Task goal>
Using the listing below, output only the lines from the one that contains "Наручные часы Skagen" through the one that contains "FujiFilm XF 80mm f2.8 R LM OIS WR Macro", inclusive, exactly as given and without images.

Given records>
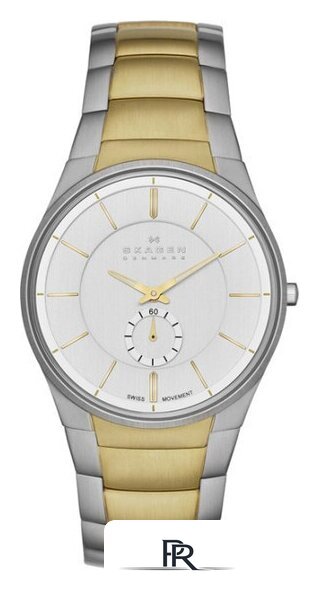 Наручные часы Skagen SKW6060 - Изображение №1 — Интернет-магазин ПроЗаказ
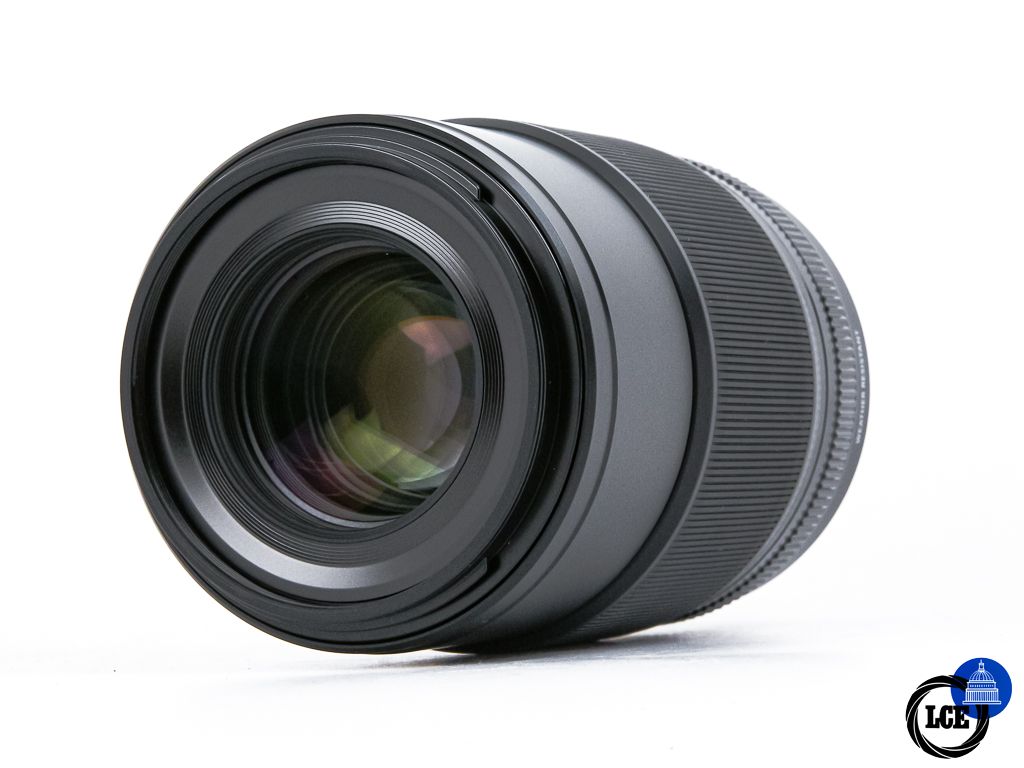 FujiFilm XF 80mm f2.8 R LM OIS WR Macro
* * *
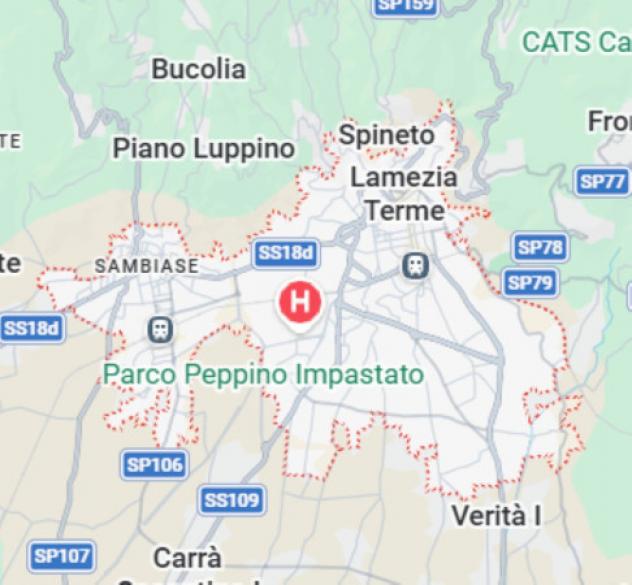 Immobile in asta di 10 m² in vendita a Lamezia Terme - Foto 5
---
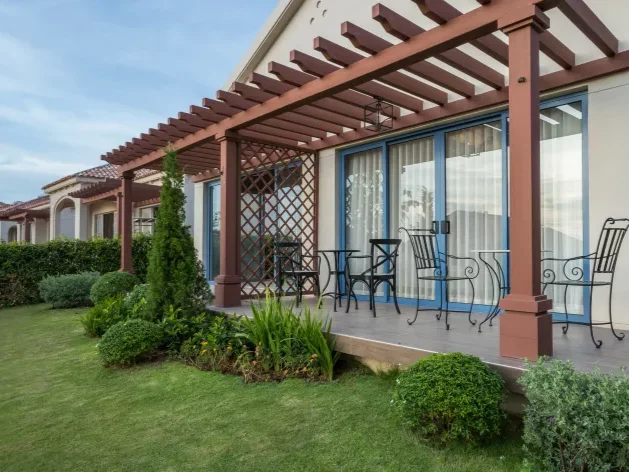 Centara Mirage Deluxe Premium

Exercise answer>
 Наручные часы Skagen SKW6060 - Изображение №1 — Интернет-магазин ПроЗаказ
 FujiFilm XF 80mm f2.8 R LM OIS WR Macro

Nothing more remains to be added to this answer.